Hands-on Machine Learning with Python: Clustering, Dimension Reduction, and Time Series Analysis
It's common knowledge that when undertaking a machine learning project, most of your time is spent preparing and tweaking your data so that the libraries and algorithms will work on it. But many don't know that you can take advantage of Python's optimized libraries to run your algorithms more quickly.
Join Matt Harrison for an overview of machine learning with Python using Jupyter and pandas—the same tools used throughout industry to prepare data to analyze. You'll review key Jupyter and pandas features, explore dimension reduction to visualize data and reduce datasets, and use clustering to group similar items together and see what features tie them together. Matt also demonstrates how to do time series forecasting with the Prophet library, helping you predict future performance from past observations.
What you'll learn-and how you can apply it
By the end of this live online course, you’ll understand:
- Basic machine learning tasks
- How to use Python and Jupyter to perform machine learning
And you’ll be able to:
- Use pandas to load and preprocess data
- Run dimension reduction, clustering, and time series analysis
This training course is for you because...
- You are a programmer and would like to see how to use Python for machine learning tasks of clustering, dimension reduction, and time series analysis.
- You are a data scientist with experience in SAS or R and would like an introduction to the Python ecosystem
- Programming experience in any language
- Familiarity with the Python programming language (useful but not required)
Materials or Downloads Needed in Advance:
- A machine with Anaconda and Jupyter installed and set up. (Please try them out to get comfortable before the course.)
Learning the Pandas Library (book)
About your instructor
Matt runs MetaSnake, a Python and Data Science training and consulting company. He has over 15 years of experience using Python across a breadth of domains: Data Science, BI, Storage, Testing and Automation, Open Source Stack Management, and Search.

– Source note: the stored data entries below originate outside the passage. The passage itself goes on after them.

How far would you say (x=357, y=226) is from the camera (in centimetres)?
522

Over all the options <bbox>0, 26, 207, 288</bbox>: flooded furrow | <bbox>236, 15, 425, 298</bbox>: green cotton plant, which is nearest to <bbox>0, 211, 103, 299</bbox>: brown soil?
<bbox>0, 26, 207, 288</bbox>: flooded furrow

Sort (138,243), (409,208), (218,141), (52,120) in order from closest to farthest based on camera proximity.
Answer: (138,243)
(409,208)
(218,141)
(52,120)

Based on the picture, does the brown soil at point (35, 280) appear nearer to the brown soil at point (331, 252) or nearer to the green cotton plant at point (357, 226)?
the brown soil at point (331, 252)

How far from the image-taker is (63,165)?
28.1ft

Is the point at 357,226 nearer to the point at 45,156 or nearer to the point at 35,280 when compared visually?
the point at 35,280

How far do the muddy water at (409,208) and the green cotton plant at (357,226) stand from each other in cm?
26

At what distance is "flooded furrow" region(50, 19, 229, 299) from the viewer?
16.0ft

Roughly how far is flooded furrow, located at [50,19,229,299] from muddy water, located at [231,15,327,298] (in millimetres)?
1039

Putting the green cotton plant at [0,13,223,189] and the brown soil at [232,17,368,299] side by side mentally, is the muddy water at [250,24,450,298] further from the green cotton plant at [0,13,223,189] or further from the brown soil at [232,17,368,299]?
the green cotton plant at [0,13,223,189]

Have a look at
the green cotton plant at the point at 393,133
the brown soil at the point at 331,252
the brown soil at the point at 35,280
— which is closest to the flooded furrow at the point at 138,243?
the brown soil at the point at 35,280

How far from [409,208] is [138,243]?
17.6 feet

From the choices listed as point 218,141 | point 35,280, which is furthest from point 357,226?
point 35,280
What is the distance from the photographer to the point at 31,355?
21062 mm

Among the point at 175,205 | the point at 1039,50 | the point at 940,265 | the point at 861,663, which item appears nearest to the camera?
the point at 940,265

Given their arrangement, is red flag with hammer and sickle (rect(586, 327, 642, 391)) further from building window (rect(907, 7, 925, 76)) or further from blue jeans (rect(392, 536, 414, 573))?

The timeframes are only estimates and may vary according to how the class is progressing
Introduction to Jupyter - 20 min
- Explore the functionality you will need to be successful with Jupyter
Common Data Cleaning Operations - 30 min
- Most machine learning algorithms require some data preparation to run. We will cover them here.
Break - 5 min
Dimension Reduction - 35 min
- We will use scikit-learn and Yellowbrick to explore Principal Component Analysis. This is a powerful tool for dimensionality reduction, but also understanding the dataset and for visualization.
Break - 5 min
Clustering - 35 min
- We will look at two clustering techniques to divide data into similar segments. We will use visualization to help determine the appropriate number of divisions.
Break - 5 min
Time series forecasting - 40 min
- The Prophet library from Facebook is a powerful library for extracting trends from timeseries data and forecasting into the future. We will introduce it and use it to predict future events.
Conclusion/QA (10 minutes)